Aber selbstverständlich antworten die Hatzolah-Rettungswagen auch auf Notrufe von Nichtjuden. Bei den Anschlägen am 11. September 2001 sollen sie sogar als Erste bei den Zwillingstürmen in Manhattan eingetroffen sein.
Streit Doch nun ist innerhalb der Hatzolah-Organisation ein Streit entbrannt. Im Mittelpunkt jenes Streits steht Rachel Freier, eine Frau in ihren 40ern, die in zwei Welten gleichzeitig lebt. Sie ist als Kind einer Großfamilie in der chassidischen Gemeinschaft von Borough Park groß geworden und hat als Erwachsene keineswegs mit der Gemeinde gebrochen. Sie ist verheiratet und hat sechs Kinder – ganz so, wie es sich gehört.
Dennoch hat Rachel Freier etwas getan, was im Lebensplan von ultrafrommen jüdischen Frauen eigentlich nicht vorgesehen ist: Statt sich mit einem Dasein als Hausfrau und Mutter zu begnügen, hat sie nebenbei Jura studiert und arbeitet heute für eine bekannte New Yorker Anwaltskanzlei. Sie versteht sich dabei keineswegs als Rebellin. »Ich bin die Letzte, die chassidischen Frauen sagt: Geht studieren«, meinte sie schon vor Jahren in einem Interview.
»Die meisten Leute sind nicht dafür geschaffen, sie sollten es nicht tun. Aber meine Familie unterstützt mich, und ich interessiere mich leidenschaftlich für die Gesetze.« Ihre Heimat sei trotzdem die orthodoxe Gemeinschaft. Wenn sie nach der Arbeit mit der Subway nach Borough Park zurückkehre, sei sie jedes Mal glücklich, nach Hause zu kommen, erzählt sie.

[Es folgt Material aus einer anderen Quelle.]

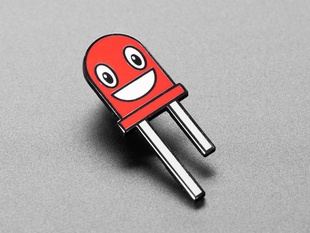 Angled shot of an enamel pin resembling a happy red LED.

generationen Worum geht es in dem Streit, den Rachel Freier entfacht hat? In einem Radiointerview mit Dov Hikind – er ist selbst ultraorthodox und sitzt als Abgeordneter in der State Assembly des Bundesstaates New York – hatte sie angeregt, es sollten auch Frauen bei Hatzolah mitwirken. Riesenaufregung! Sturm im Schtetl! So geht’s ja nicht! Bei Hatzolah arbeiten seit Generationen – genauer gesagt, seit 40 Jahren – nur Männer, wo kämen wir denn da hin?
Hatzolah ist ein gemeinnütziger Verein, der durch Spenden finanziert wird. An seiner Spitze steht als Vorstandsvorsitzender Rabbi David Cohen. Er kommentiert: »Das wurde schon vor Jahren von unserem rabbinischen Beirat diskutiert. Er sagte, wir sollten es nicht tun. Und es gibt keinen Grund, es in unseren Plan aufzunehmen.« In Blogs werden Rachel Freier und ihre Unterstützerinnen als »radikale Feministinnen« bezeichnet, ja beschimpft.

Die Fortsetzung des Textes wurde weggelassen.